Jack Buck (1925-2002)
A fighter for what he believes, Jack, Joe’s father, won a purple heart during the Battle of the Bulge. After the war, he attended Ohio State, majoring in Radio speech and minoring in Spanish. He got his minor league experience in Columbus and Rochester in Upstate New York. He made the big leagues in St. Louis in 1954. In time, Jack became legendary, working alongside Harry Caray and Joe Garagiola. Not many people did every major sport in the same town. In time, the St. Louis Blues, the old NBA Hawks were on his resume. He’d do some St. Louis Cardinals football and became famous for his association with the baseball Cards. It was his time in grade, share of visibility and gift for telling stories that earned him prominence. Jack was the only play-by-player to do a Super Bowl and a World Series on both radio and TV. He wouldn’t kowtow to Harry Caray. For that matter the two men didn’t get along very well until later. The country got to know Jack and like him. In St.
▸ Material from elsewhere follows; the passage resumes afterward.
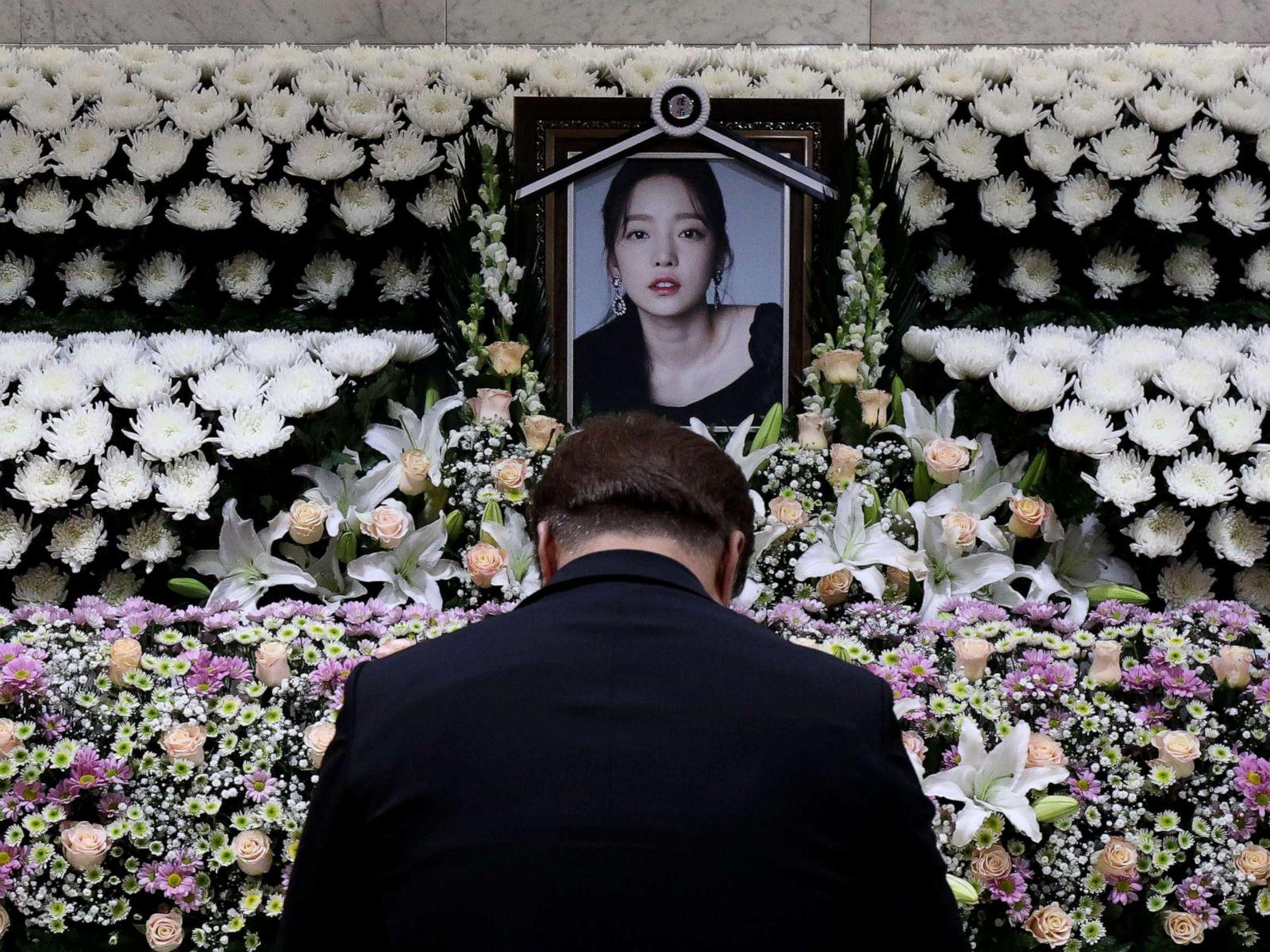 Deaths of Goo Hara and Sulli highlight tremendous pressures of K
Louis, his death coverage equaled that of Vin Scully’s.
Harry Caray (1914-98)
“I said Holy Cow first.” Harry’s evidence: “Scooter was still on the field when he was already in the booth, hollering Holy Cow!” Halsey Hall, the early-years Twins announcer popularized Holy Cow, perhaps before Harry and certainly before Rizzuto the Yankees’ announcer. Yankee fans might think of Phil as the originator of the phrase. The Scooter put the Yankees’ shortstop-turned-broadcaster into the booth after retiring. Part of Phil’s shtick also happened to be, “Holy Cow!” In Chicago Harry started with the White Sox and moved to Wrigley. He’d call games on hot days bare-chested. it was a Harry tradition which included singing the anthem during the stretch. Meanwhile, in the Caray years, WGN TV had Cubs games often aired around the country too, through the WGN national cable network. Through his stay in St. Louis, Harry did three World Series on TV while he was with the Cards. it included the 1968 Cards-Red Sox on NBC, the last with no playoff series between the the end of the regular season and the Classic.
Skip Caray (1939-2008)
Cynical and a warped sense of humor, say some of Harry’s son. Skip passed at 68, leaving grandson Chip in Atlanta on Bravescasts. He’s still there. If it wouldn’t have been one faux-pas too many on the Turner Network, Chip would still have a hook to hang his hat in Atlanta. He’s still a fine broadcaster. Two of Chip’s kids are already broadcasting in the Minors, so than can be an all-time record. Four successive generations of Carays in the broadcast booth. Skip and Chip were faced with a challenge, living in the shadow of Harry who did three World Series in the 60s on NBC. accompanying the Cards to the limelight. Skip Caray built his claim to fame in the nascent years of cable television. Turner’s Braves coverage included many cable markets outside Atlanta, during those frontier years, beginning in the mid to late 1970s. The trio of Skip, Pete Van Wieren and Ernie Johnson Sr. were watched in all parts of America when Turner was almost treated like a local station with an extensive network. Turner owned the station and the Braves.